Widespread but uncoordinated risings of Nayan's supporters continued until 1289 but were ruthlessly repressed. The rebel princes' troops were taken from them and redistributed among the imperial family. Kublai harshly punished the darugachis appointed by the rebels in Mongolia and Manchuria. This rebellion forced Kublai to approve the creation of the Liaoyang Branch Secretariat on December 4, 1287, while rewarding loyal fraternal princes.

Kublai dispatched his grandson Gammala to Burkhan Khaldun in 1291. Because Kublai wanted to make sure that he laid claims to the sacred place (Ikh Khorig), Burkhan Khaldun, where Genghis was buried, Mongolia was strongly protected by the Kublaids. With Bayan in control of Karakorum and reestablishing control over surrounding areas in 1293, Kublai's rival relative Kaidu did not attempt anything large-scale for the next three years. From 1293 on Kublai's army cleared Kaidu's forces out of Central Siberian Plateau.

Kublai Khan originally designated his son Chingen-Temur (Zhenjin) as his successor. Chingen-Temur became the head of Zhongshusheng ("Department of Central Governing"), and actively administrated the dynasty in the Confucian fashion. After Nomukhan returned from the captivity in the Golden Horde, he expressed his resentment that Chingen-Temur had been made heir apparent. However, he was banished north. An official proposed that Kublai's abdicate in favor Chingen Temur in 1285. This action angered the Khagan, and Kublai refused to see his son. Unfortunately, Chingen-Temur died in 1285, 9 years before his father. Kublai mourned and remained very close to his wife, Bairam (also known as Kokejin). With the death of Chabi, he began to withdraw from direct contact with his advisers, issuing instructions through one of his other queens Nambui. Kublai Khan, on the other hand, developed severe gout in the later part of his life. He also gained weight due to a fondness for eating animal organs and other delicacies. This also more than likely increased the amount of purines in his blood, leading to his problems with gout. His illness may have been related to the deaths of not only his favorite wife, but also his chosen heir Zhenjin. Before his death, Kublai made Chingen-Temur's son Temür the new Crown Prince, who in turn became the sixth Khagan of the Mongol Empire and the second ruler of the Yuan Dynasty after the death of Kublai Khan. Seeking an old companion to comfort him in his final illness, the palace staff could choose only Bayan, more than 30 years his junior. Kublai weakened steadily, and on 18 February 1294 he died. Two days later, the funeral cortege was ready and set out for the burial place of the khans in Mongolia.

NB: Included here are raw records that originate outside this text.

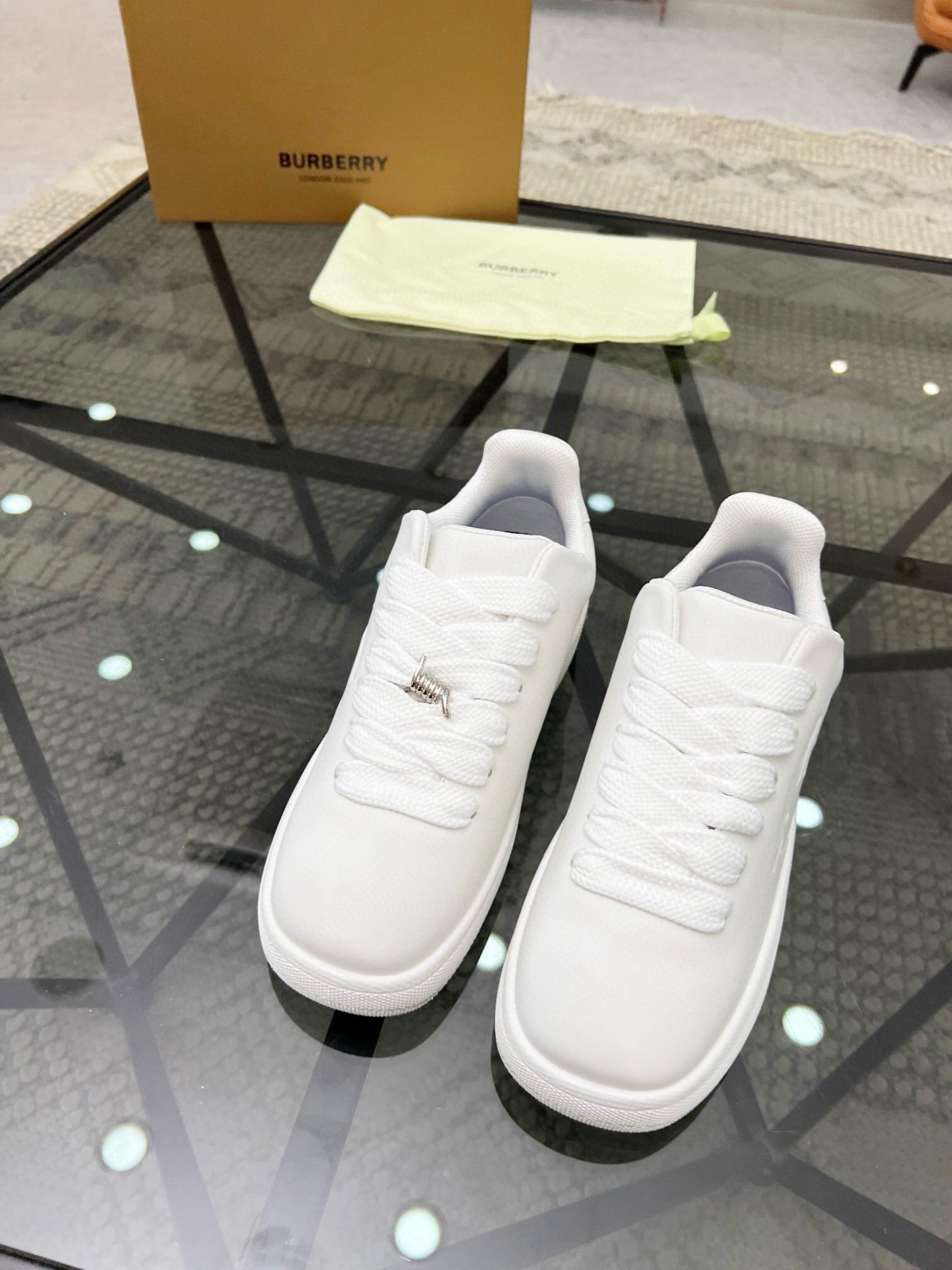 Кроссовки Burberry 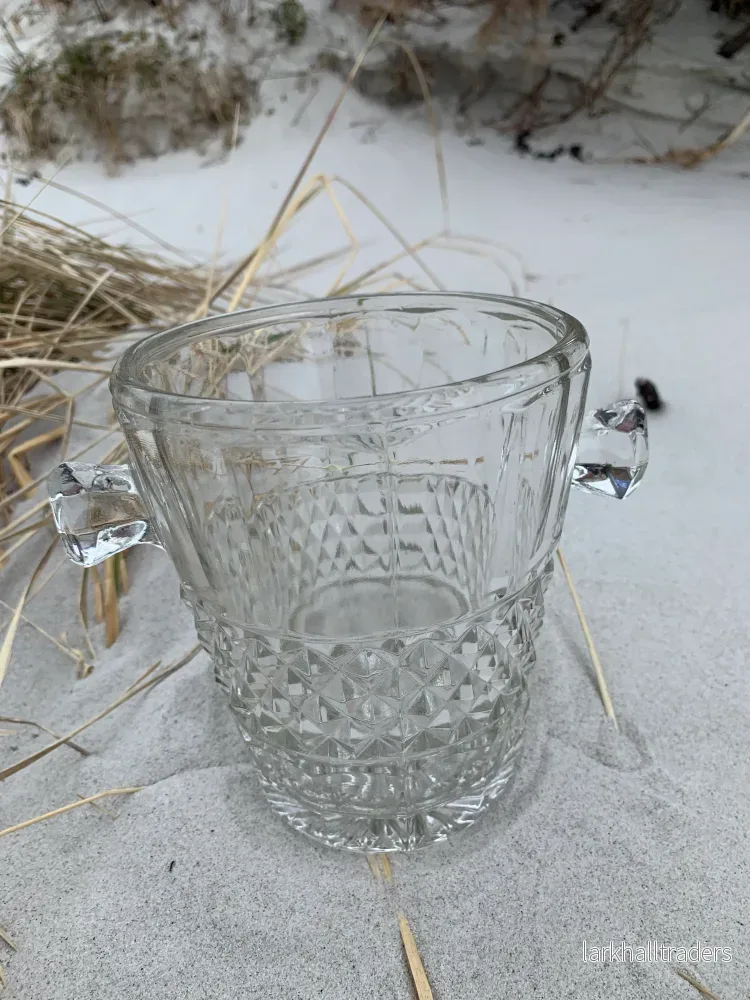 Ishink av glas med mönster Ishink av glas med mönster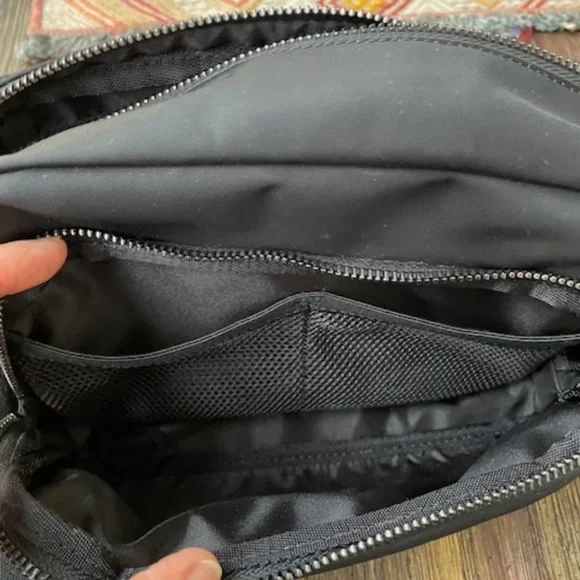 Lululemon Everywhere Crossbody Large 3L w/Metal Hardware EUC - Picture 6 of 8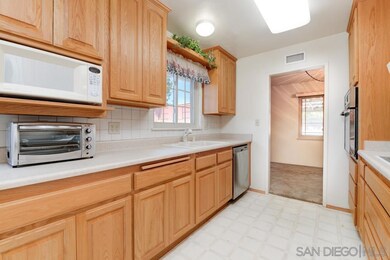 8322 Bashan Lake Ave, San Diego, CA 92119 - photo 4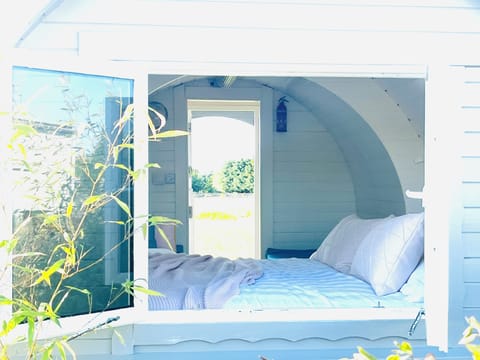 Cabin | 1 bedroom, bed sheets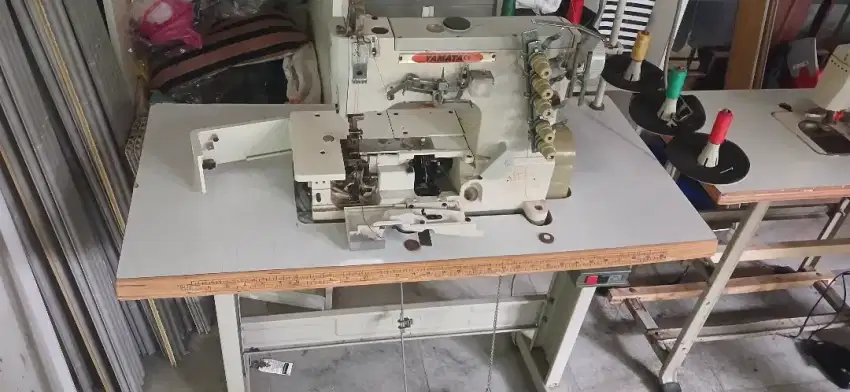 Dijual mesin jahit second siap pakai baru diservice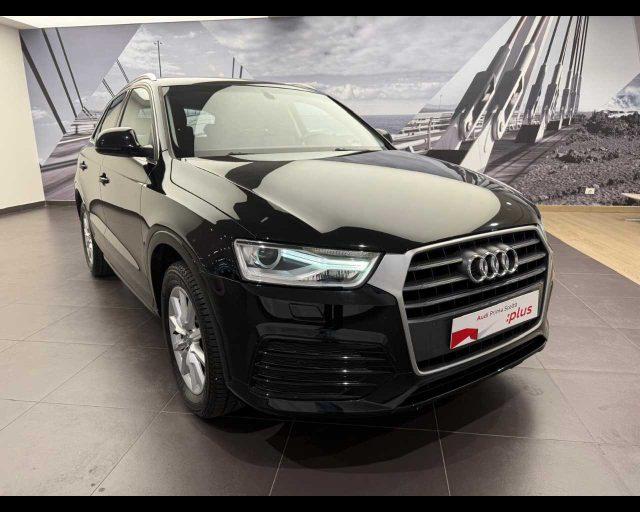 AUDI Q3 2.0 TDI 120 CV Business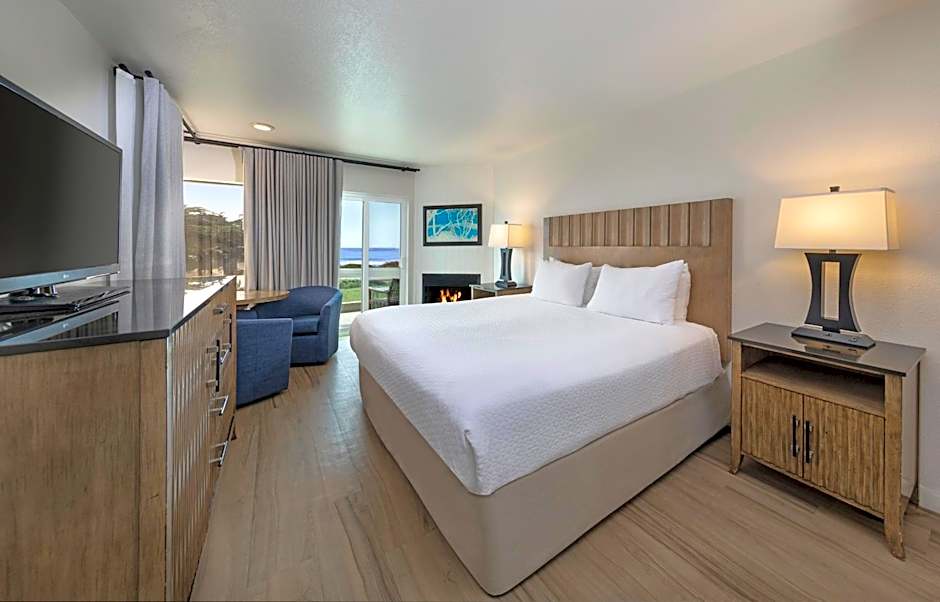 Cambria Landing Inn and Suites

Kublai married Tegulen at first but she died very early. Then he married Chabi Khatun of the Khunggirat. Chabi was his most beloved empress. After her death in 1286, Kublai married her young cousin, Nambui, in accordance with Chabi's wish.

Kublai's seizure of power in 1260 pushed the Mongolian Empire into a new direction. Despite his controversial election, which accelerated the disunity of the Mongols, his willingness to formalize the Mongol realm's symbiotic relation with China gave the Mongolian Empire a cultural and administrative brilliance that impressed the world.

Kublai and his predecessors' conquests were largely responsible for re-creating a unified, militarily powerful China. The Mongol rule of Tibet, Xinjiang, and Mongolia proper from a capital at modern Beijing also supplied the precedent for the Qing Dynasty's Inner Asian Empire.